YOUR OBJECTIVE: Reproduce every line below exactly as written; do not include the images.

DATA SECTION:
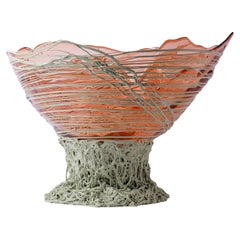 Contemporary Gaetano Pesce Ogiva Basket M Resin Light Ruby Olive Green Contemporary Gaetano Pesce Ogiva Basket M Resin Light Ruby Olive Green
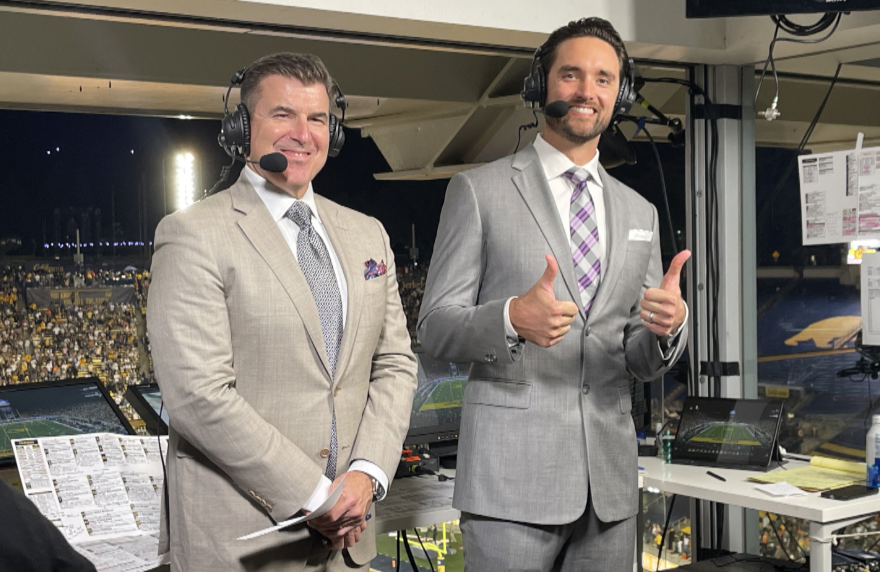 Rece Davis (left) and Brock Osweiler (Right) in the booth for an ESPN broadcast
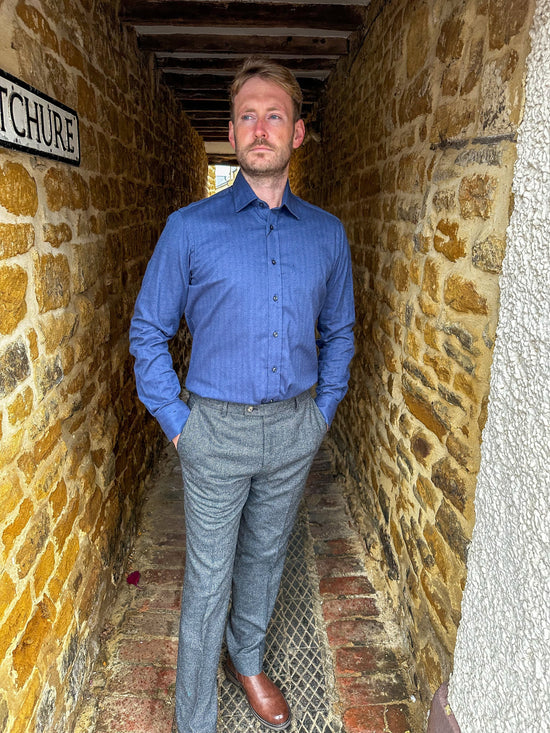 SAND - Mens Mens Shirts Slate Blue Flannel Shirt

RESPONSE:
 Contemporary Gaetano Pesce Ogiva Basket M Resin Light Ruby Olive Green Contemporary Gaetano Pesce Ogiva Basket M Resin Light Ruby Olive Green
 Rece Davis (left) and Brock Osweiler (Right) in the booth for an ESPN broadcast
 SAND - Mens Mens Shirts Slate Blue Flannel Shirt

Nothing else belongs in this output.